__Required action__
Once the pictures are set aside, transcribe each line of the data exactly.

Top of Information supplied

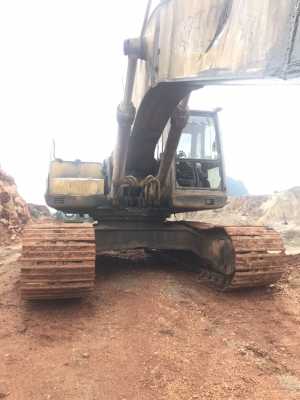 ขายแบคโฮ 3 คัน โกเบ 300 โกเบ 310 ขาเฟรมฉีก CAT320-2.2 คันยังสตาร์ทได้ยังโอเคอยู่มีเล่มทุกคันขายราคา 700,000 คอมนอก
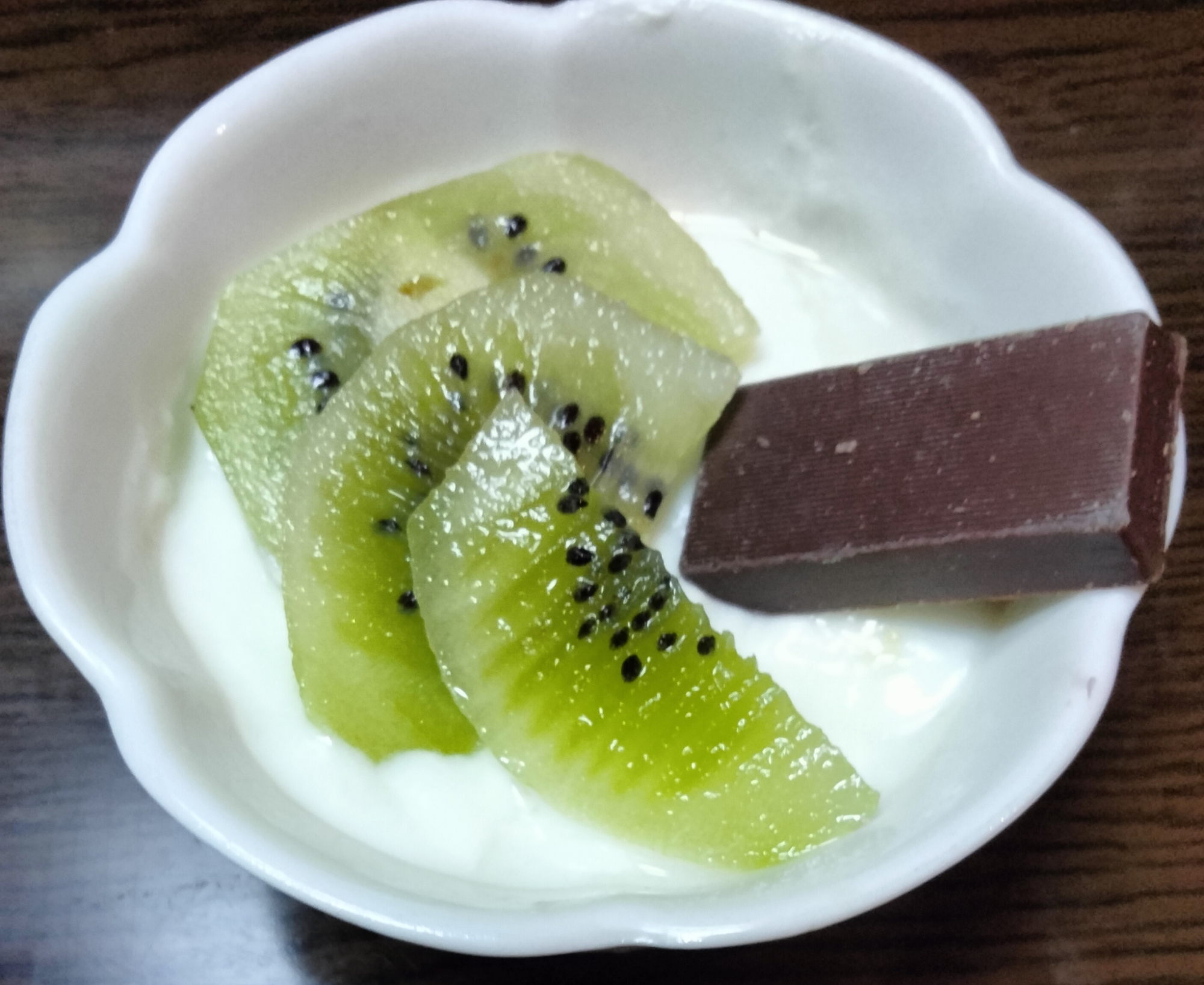 キウイ、生ハム、モッツァレラチーズの冷製パスタ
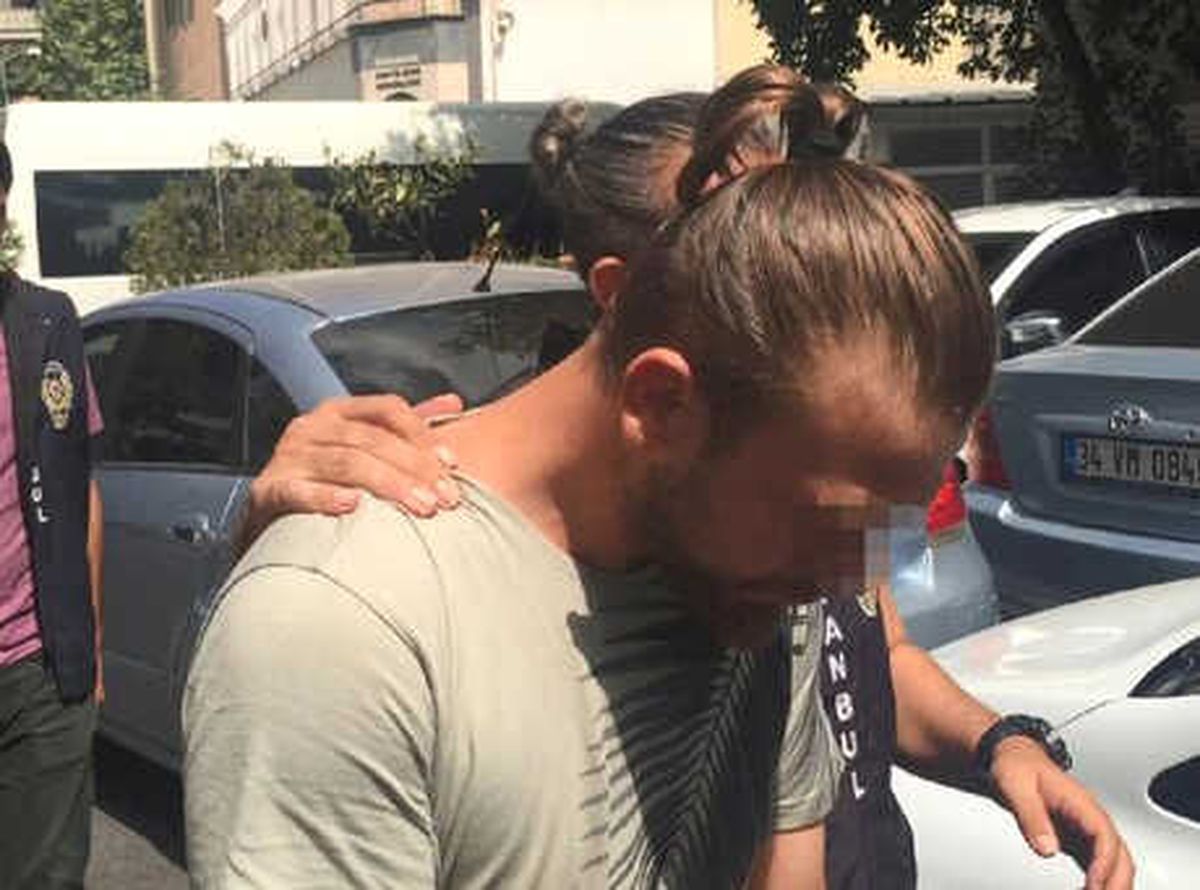 Geniş Haber- Mizah Dergisi Sahibi Çağın Türker\'in Öldürülmesi: Zanlı Adliyeye Sevk Edildi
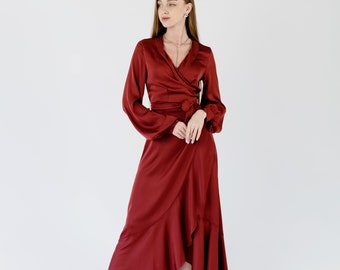 Wickelkleid aus roter Terrakotta-Seide mit langen Ärmeln Brautjungfern-Wickelkleid aus dunkelrostfarbener Seide Midi-Seidenkleid mit Ärmeln Ballkleid Janne-Kleid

Bottom of Information supplied

__Exercise response__
 ขายแบคโฮ 3 คัน โกเบ 300 โกเบ 310 ขาเฟรมฉีก CAT320-2.2 คันยังสตาร์ทได้ยังโอเคอยู่มีเล่มทุกคันขายราคา 700,000 คอมนอก
 キウイ、生ハム、モッツァレラチーズの冷製パスタ
 Geniş Haber- Mizah Dergisi Sahibi Çağın Türker\'in Öldürülmesi: Zanlı Adliyeye Sevk Edildi
 Wickelkleid aus roter Terrakotta-Seide mit langen Ärmeln Brautjungfern-Wickelkleid aus dunkelrostfarbener Seide Midi-Seidenkleid mit Ärmeln Ballkleid Janne-Kleid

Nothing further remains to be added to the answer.